When I first moved to New York state, I was prey to all the assumptions and stereotypes that pop to mind when the words “New York” end up in a sentence. “New York … that’s city, right? No trees, no open space, no peace. Just city.”
Well, I was wrong then and was a little ashamed last 4th of July weekend to find myself wrong again. Where I live, 60 miles north (and slightly west) of Manhatten, there’s still a country look to the place, but it’s being eroded pretty quickly by exurbia, that rural bastardization of suburbia. (Note: For a discussion of the definition and lifestyle of Exurbia, visit the Exurbitude blog — today, as a bonus, the author has a very funny description of trying to move the goat paddock at my house last weekend. Let’s just say none of us are born herders.)

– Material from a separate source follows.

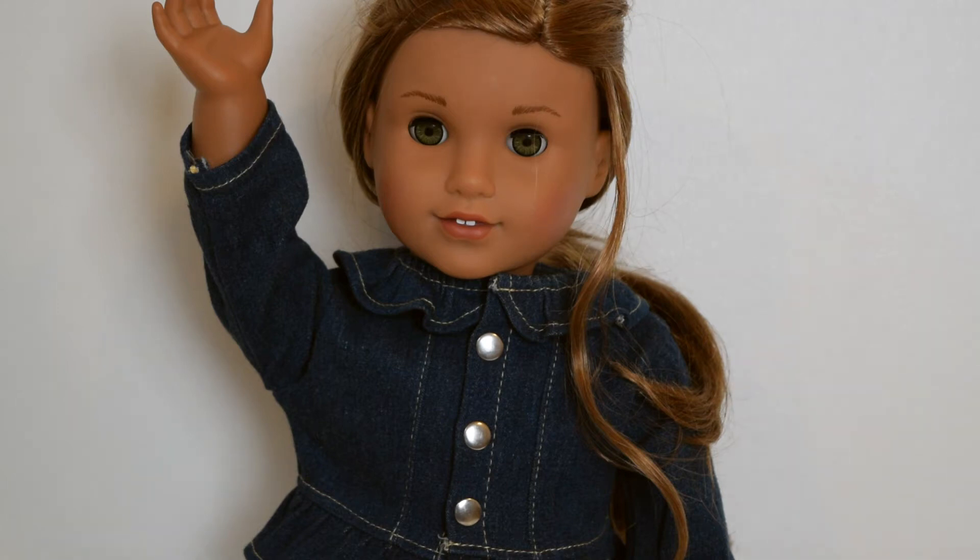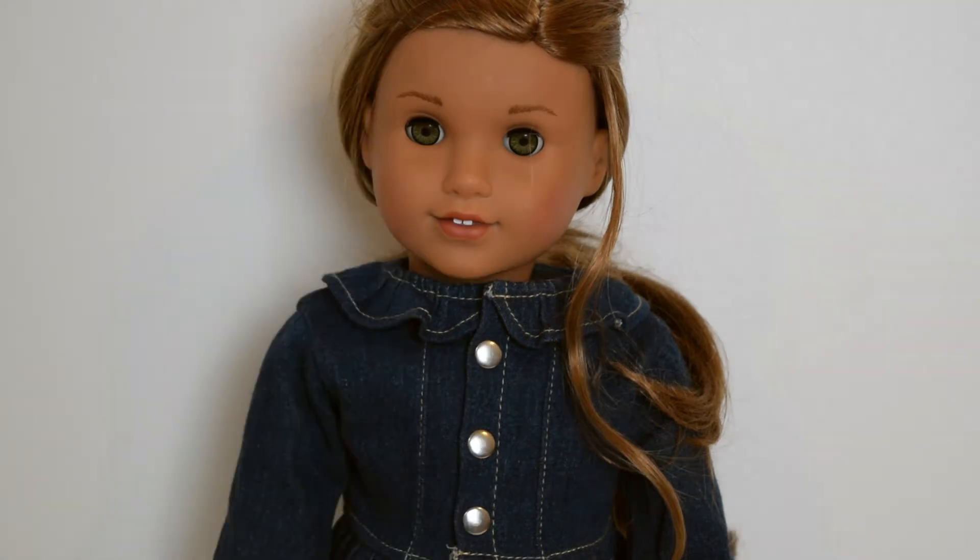Hey guys, it's Ava. What is up? Today I'm going to be trying some indoor photography, and yes, I'm going to be learning with you. So basically, all you're going to learn is things that I learn about indoor photography. So without further ado, let's go ahead and get right into the video.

So when we drove out the whole three hours to the university town of Ithaca in the Finger Lakes region of New York, I expected to find something pretty similar. And did I? Nope. Of course not. Because wherever I go, what I find is not what I expected. With its vast lakes, wide farmlands and winery fields, and air much less humid and much more cool than it is where I live, I could have been in a different country. My surprise came despite the fact that I’ve long been an admirer of Ronda Roaring’s Web site, I Love the Finger Lakes.
And how I do! I’m a convert. As opposed to the dusty, hot unpleasantness of Napa (relive my experience here), the Finger Lakes wineries boast cool breezes, sweet wines and some unusual merlots, and unbeatable views down to massive lakes. Looking down to Cayuga Lake at the Lamore Landing Winery, we could have been back in Scotland.
We only had three short days in the Finger Lakes, but I’ll be going back. To visit the bird sanctuaries at the Cornell University lab, to shop again at the Ithaca farmer’s market, to hike the umpteen trails through hidden woods and quiet hills.
More people should see the rest of New York state. Because that smidgeon of an island, that little city-state of New York City that enthrals so many, is simply the back door to places far more beautiful, restful, and worth seeing.